**WORK TO BE COMPLETED:** Please output exactly the lines below, starting at the line that has "画像2: SD/OF:耳つきフードケープ、小物 U-25-06-10-179-KD-ZU" and ending at the line that has "SAMSUNG Microonde Combinato", both included; leave out all pictures and include nothing else.

**INPUT FOR THIS TASK:**

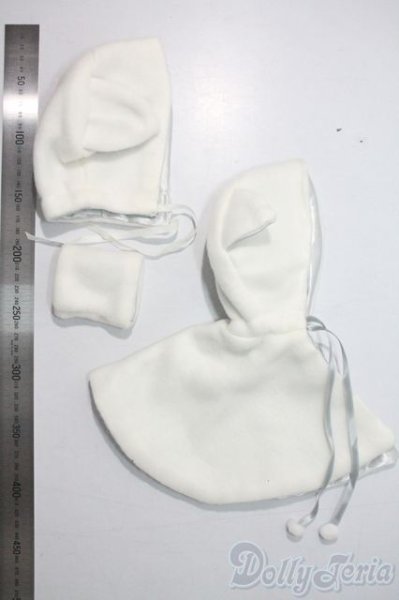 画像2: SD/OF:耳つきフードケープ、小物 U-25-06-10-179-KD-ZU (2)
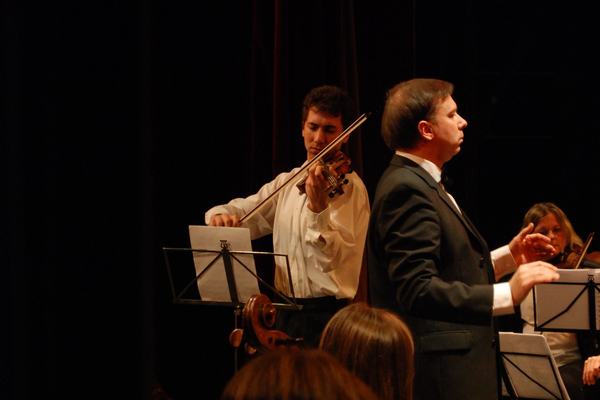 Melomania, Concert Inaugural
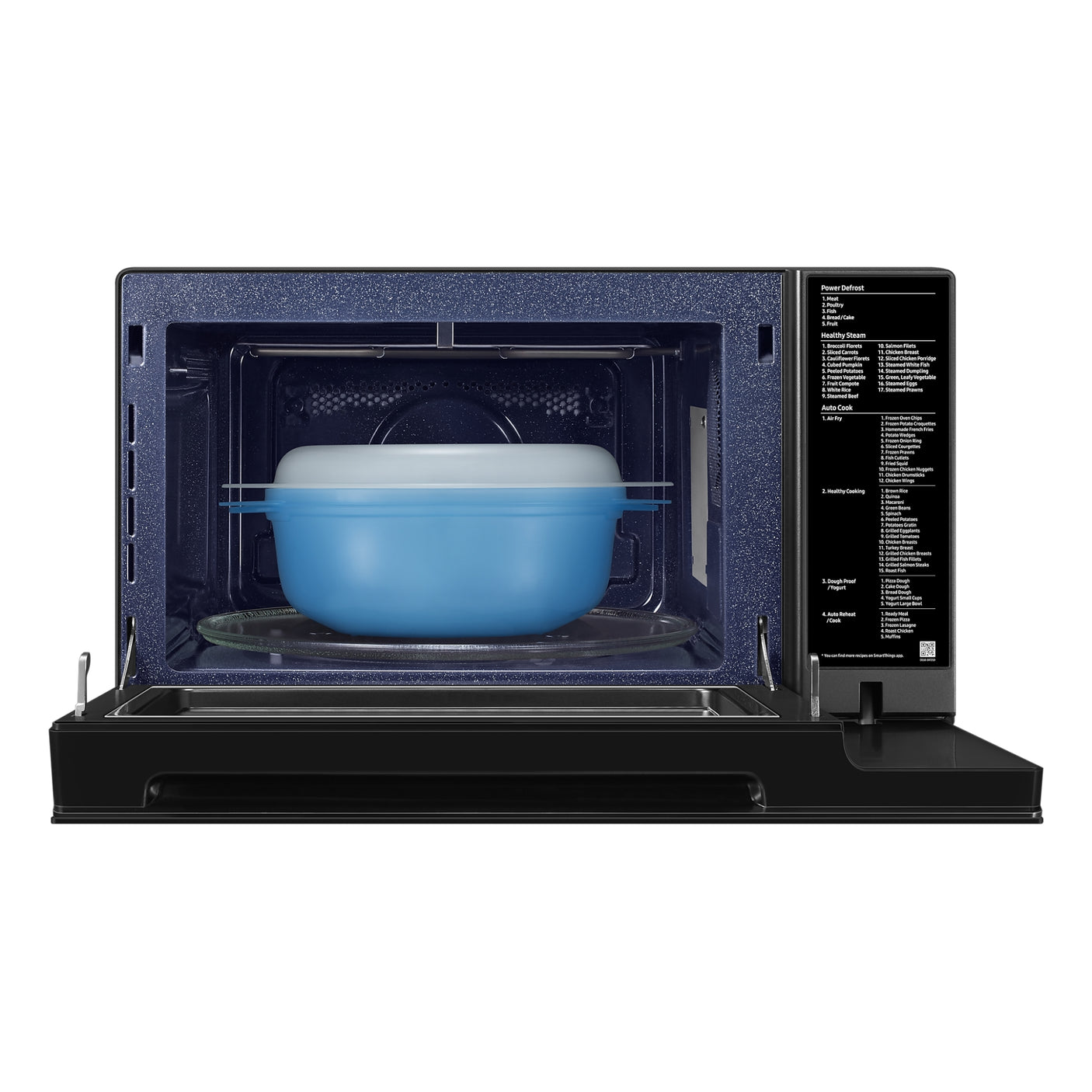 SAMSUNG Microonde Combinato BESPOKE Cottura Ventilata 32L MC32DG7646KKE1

==

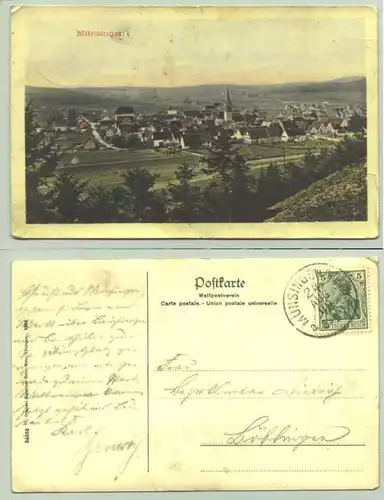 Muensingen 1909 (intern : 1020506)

...

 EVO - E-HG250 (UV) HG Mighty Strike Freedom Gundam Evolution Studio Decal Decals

**RESPONSE TO THE TASK:**
 画像2: SD/OF:耳つきフードケープ、小物 U-25-06-10-179-KD-ZU (2)
 Melomania, Concert Inaugural
 SAMSUNG Microonde Combinato BESPOKE Cottura Ventilata 32L MC32DG7646KKE1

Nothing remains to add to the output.